**Exercise**. Give a verbatim copy of the data, leaving the pictures out.

**Dataset section**.
======

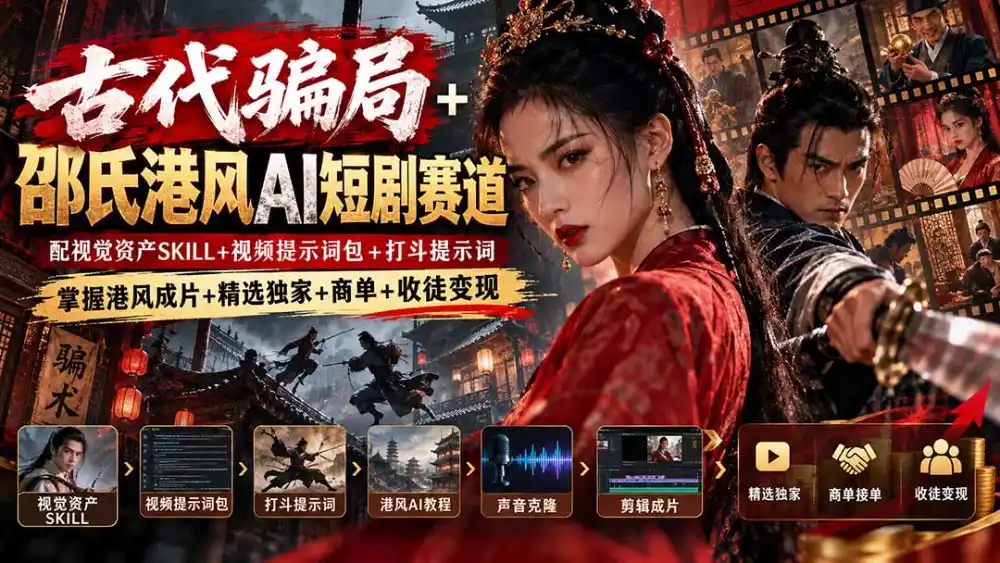 古代骗局+邵氏港风AI短剧赛道:配视觉资产SKILL+视频提示词包+打斗提示词,掌握港风成片+精选独家+商单+收徒变现-云网创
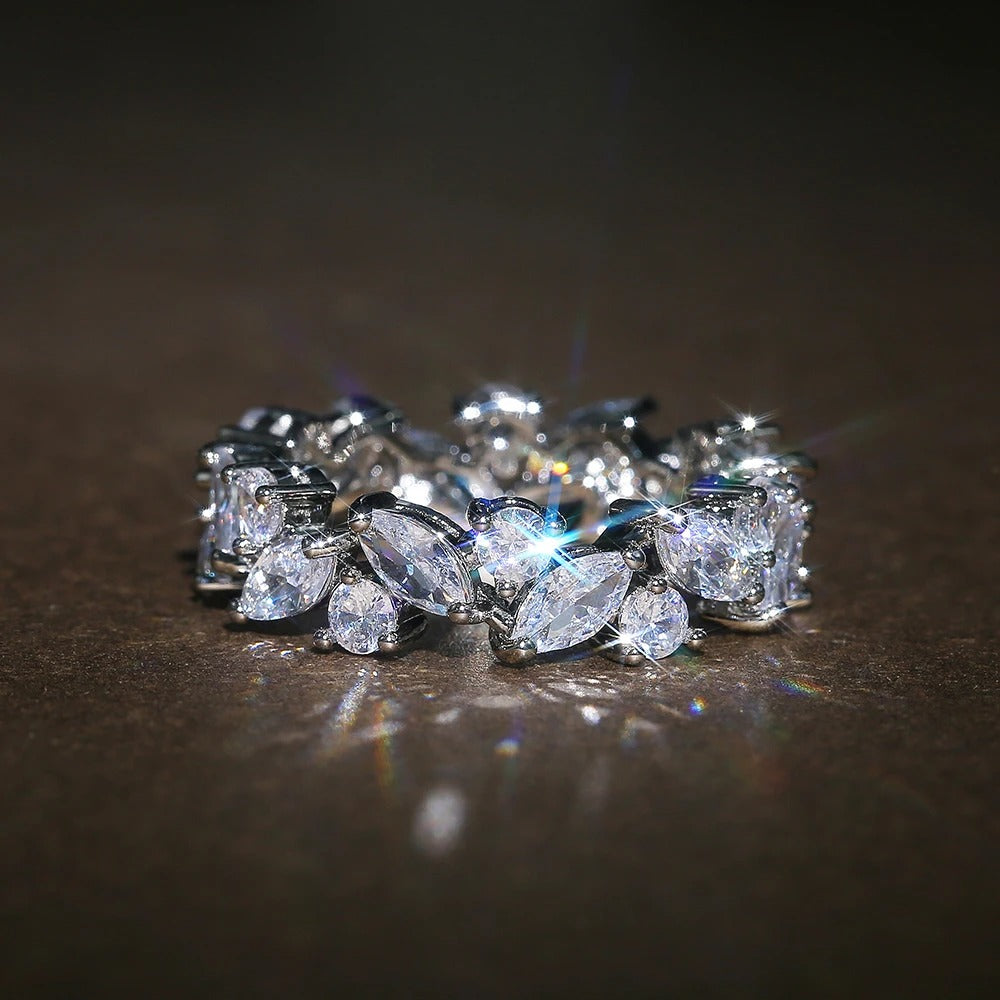 Anello Eternity in Zirconia Marquise e Rotondo Vintage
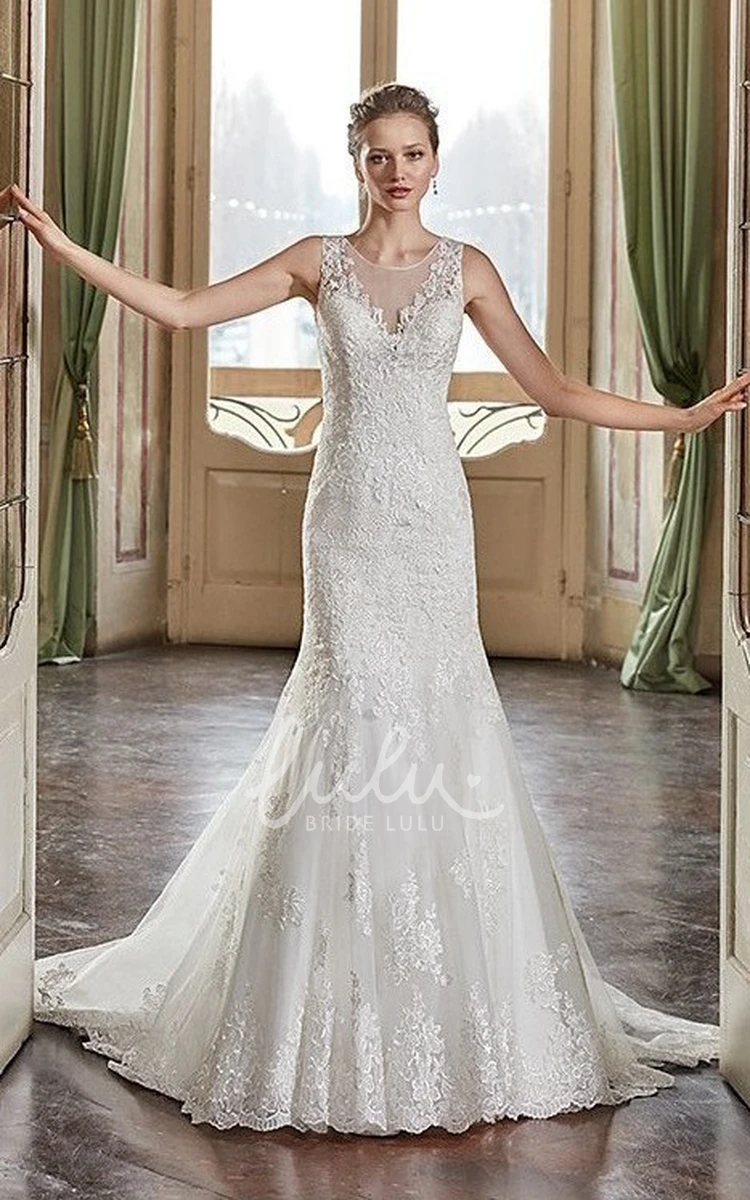 Scoop-Neck Sheath Lace Wedding Dress with Appliques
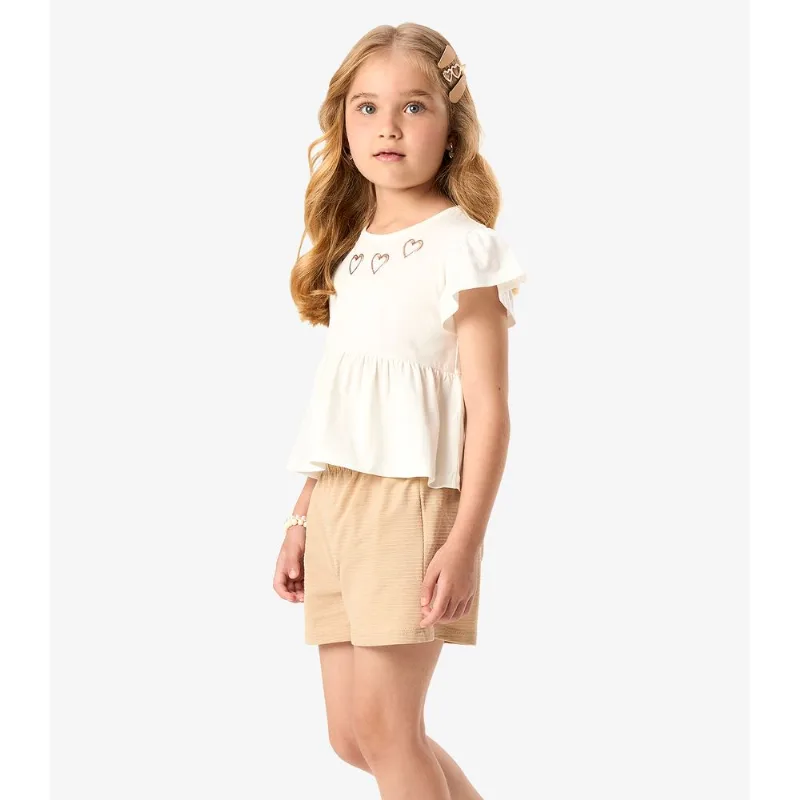 Conjunto Infantill Blusa Com Shorts Rovi Kids Bege 3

======

**Answer section**.
 古代骗局+邵氏港风AI短剧赛道:配视觉资产SKILL+视频提示词包+打斗提示词,掌握港风成片+精选独家+商单+收徒变现-云网创
 Anello Eternity in Zirconia Marquise e Rotondo Vintage
 Scoop-Neck Sheath Lace Wedding Dress with Appliques
 Conjunto Infantill Blusa Com Shorts Rovi Kids Bege 3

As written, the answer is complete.